NEW YORK/LONDON (Reuters) - Gold fell around 1 percent on Tuesday as investors shed some bullish bets on expectations that the U.S. Federal Reserve may be poised to trim its bullion-friendly economic stimulus.
Palladium dropped 2 percent to a two-month low, underperforming other precious metals, as a slide below a key support level near $700 an ounce triggered technical selling, traders said.
Data showing flat U.S. consumer prices in November also pressured gold, but the lack of inflation pressures in the economy will probably not stop the Fed from scaling back its bond-buying program soon, analysts said.
“While the prospect of an immediate taper seems to be diminishing for now, it seems only inevitable that the Fed will act sooner rather than later, and the longer-term investors are still being seen to reduce their exposure to gold as a result,” said a trader at TD Securities’ precious metals desk.
Spot gold was down 0.9 percent at $1,228.54 an ounce by 1:52 p.m. EST (1852 GMT).
U.S. Comex gold futures for February delivery settled down $14.30 an ounce to $1,230.10, with trading volume about 25 percent lower than its 30-day average.
Most observers expect the U.S. central bank to keep its $85 billion-a-month bond-buying stimulus in place, but recent brisk improvements in the labor market have raised the chances that the Fed, at its December 17-18 meeting, will decide to taper its economic stimulus program as early as this month.
A run of well-received U.S. economic data, including November payrolls earlier in the month, has fueled speculation that the Fed may taper stimulus sooner rather than later. Gold prices were down 25 percent this year mainly on Fed taper fears.

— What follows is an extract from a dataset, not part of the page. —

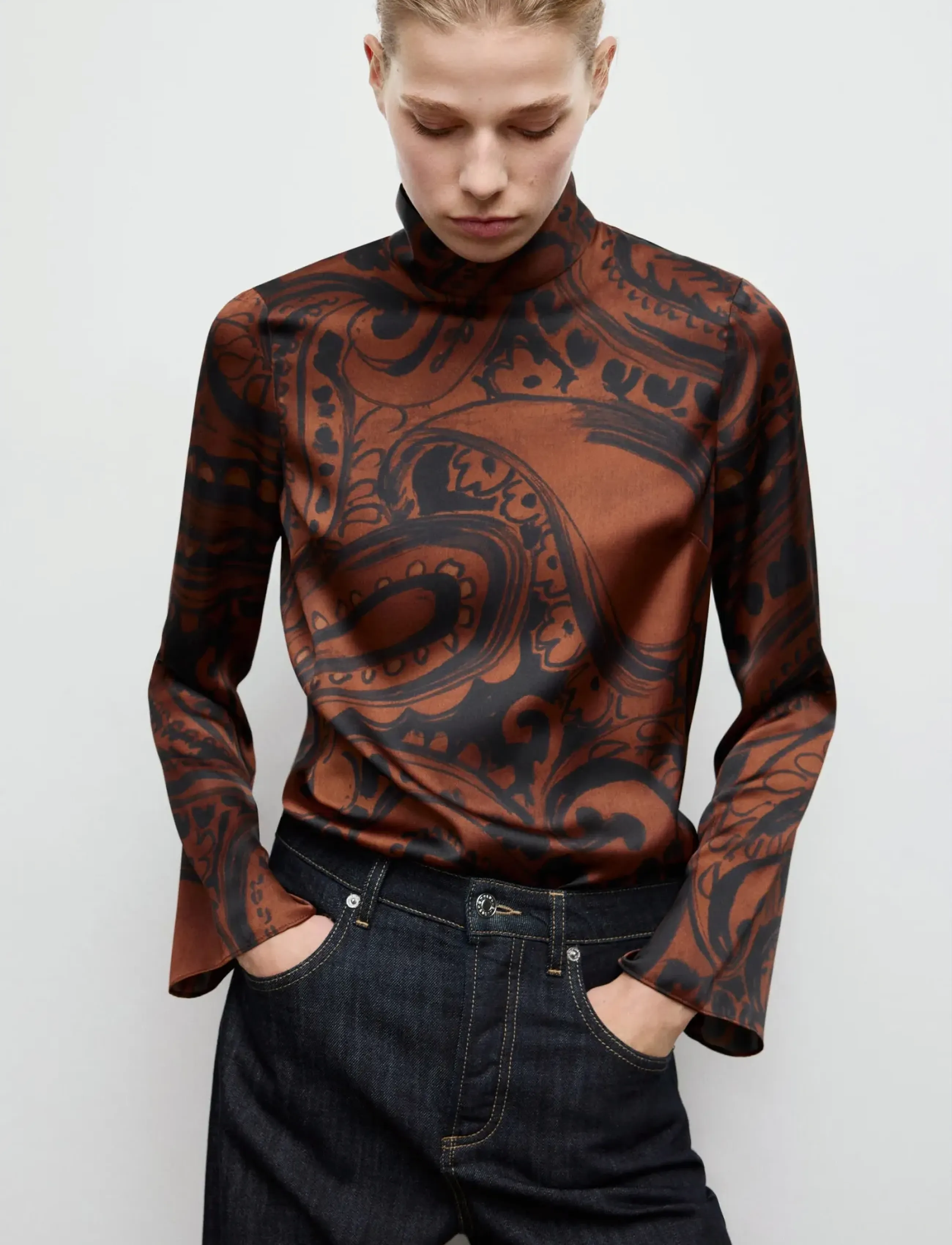 Mango Paisley-Print Satin Blouse, M, Blouses, Braun - Long-sleeved, Frauen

Consumers of physical gold in Asia held off fresh purchases in anticipation of lower prices.
In India, buying remained low-key due to non-availability of stocks, supporting premiums.
Investment demand for physical bullion was lackluster, with the world’s largest gold-backed exchange-traded fund, the SPDR Gold Trust, posting its biggest daily outflow in nearly two months on Monday.
On Monday, the fund’s holdings were down 8.7 tonnes, or 1 percent, to 818.9 tonnes, their lowest in nearly five years.
Silver dipped 0.5 percent to $19.84 an ounce, while platinum fell 1 percent to $1,344.24 an ounce and palladium dropped 2.1 percent to $698.97 an ounce.